Terms of transfer were among items discussed during a meeting Tuesday between officials from City Hall, Alliant and the Iowa Department of Natural Resources.

The meeting was to discuss findings of a long-anticipated site assessment report about sediment and water quality in Cedar Lake.

The study, released by the Iowa DNR last week, reports the main body of Cedar Lake is suitable for recreation now, but Alliant must conduct further tests in the south and west cells.

In addition to the further exploration by Alliant, any alteration of the lake, such as dredging, would require more studies and a soil management plan, said Mel Pins, executive officer of the Iowa Brownfield Redevelopment Program.

Alliant spokesman Justin Foss said the energy company will await a letter from Iowa DNR detailing more specifically the types of testing needed. Foss said Alliant would comply with what the agency requires.

A group called Friends of Cedar Lake has been advocating to restore the lake, which supported the decommissioned power plant on Sixth Street SE for decades. A master plan calls for an $8.8 million restoration to open the lake for fishing and kayaking and enhanced aesthetics. The proponents have called for dredging.

“We are pleased with the results and acknowledge there is more work to do, but after many decades of sitting idle this gives us a road map for future progress,” said Dale Todd, Friends of Cedar Lake president.

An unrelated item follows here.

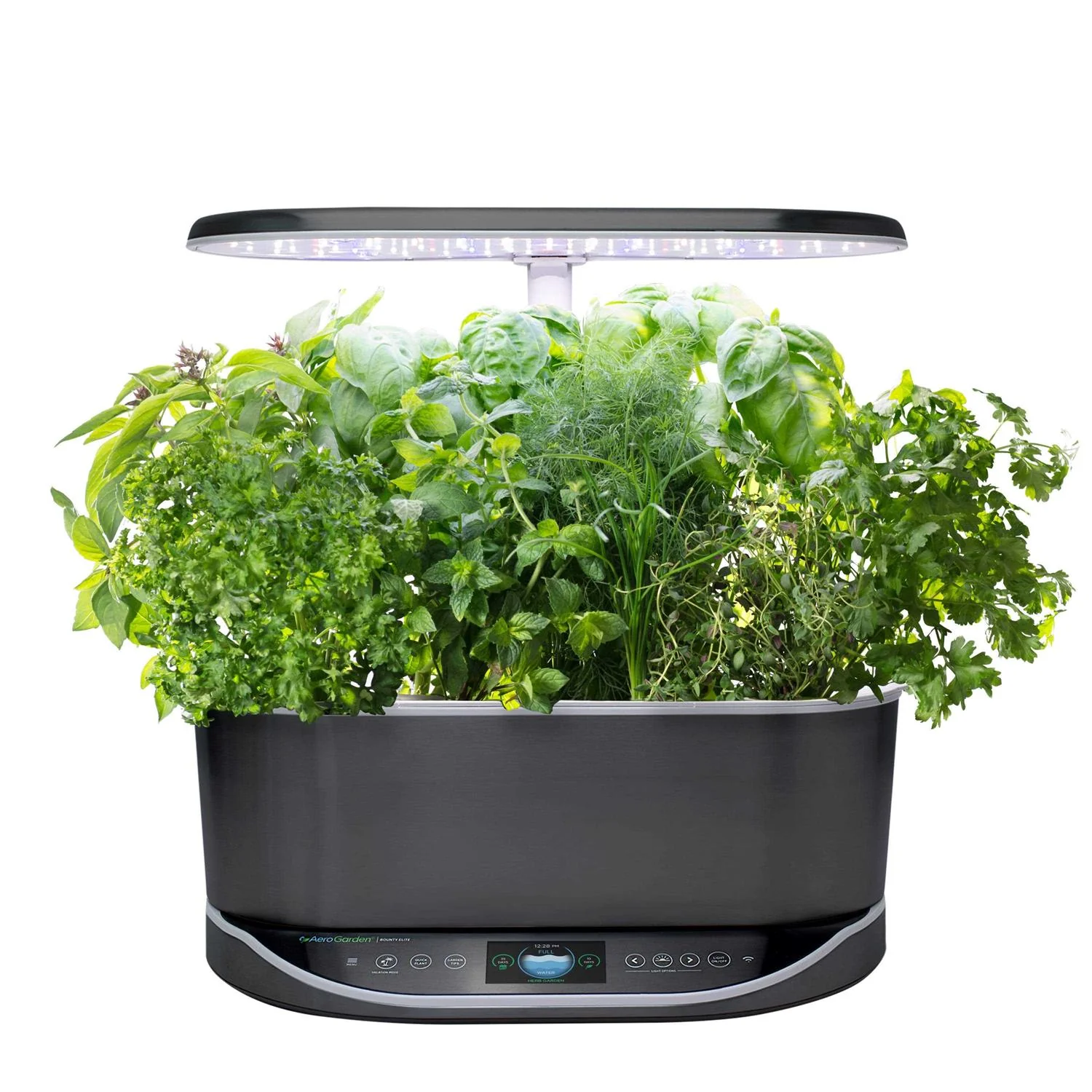 AeroGarden Bounty Elite Indoor Garden With 50W LED Grow Light - Bounty Elite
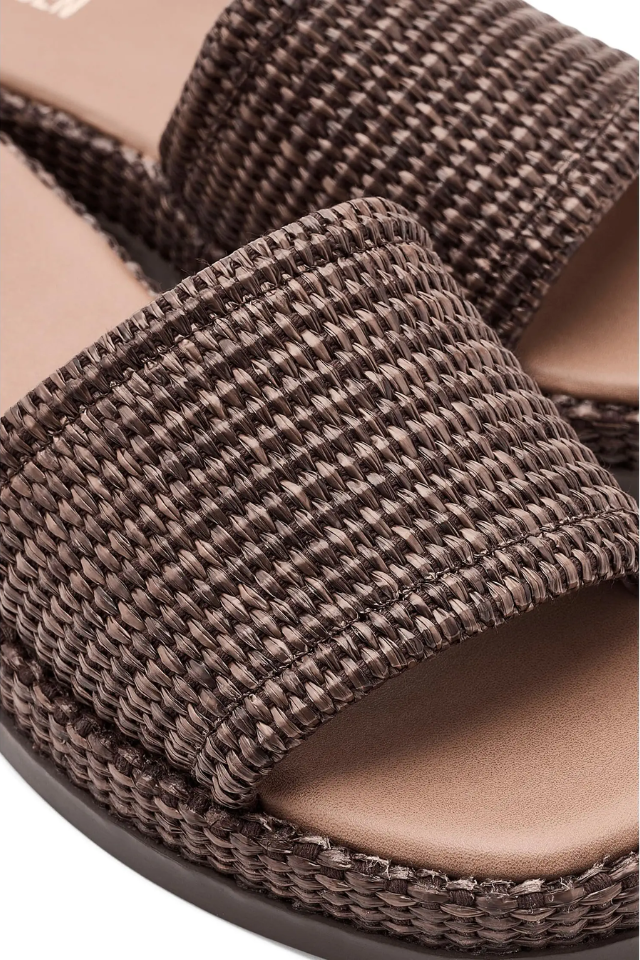 Steve Madden Boardwalk - Brown Raffia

Representatives from the Friends group, the city, and Alliant have been working on a Cedar Lake study committee to discuss the real estate transfer to the city, the recreational enhancement and clean up.

The lake has long been seen as blight and previous testing found toxins.

City officials considered the environmental study as due diligence to identify liability before taking ownership.

The study did not reveal high levels of chlorinated pesticide and polychlorinated biphenyl — or PCBs — Pins said. But slightly elevated levels of arsenic and polycyclic aromatic hydrocarbons were found in the south and west cells of the lake, he said.

Those elements are associated with the “burning of oils, coal or other organic substances.”

“We are going to ask the owner to do some more work,” Pins said. “It doesn’t mean it is terrible or immediate work is necessary, but we are going to ask them to do the work.”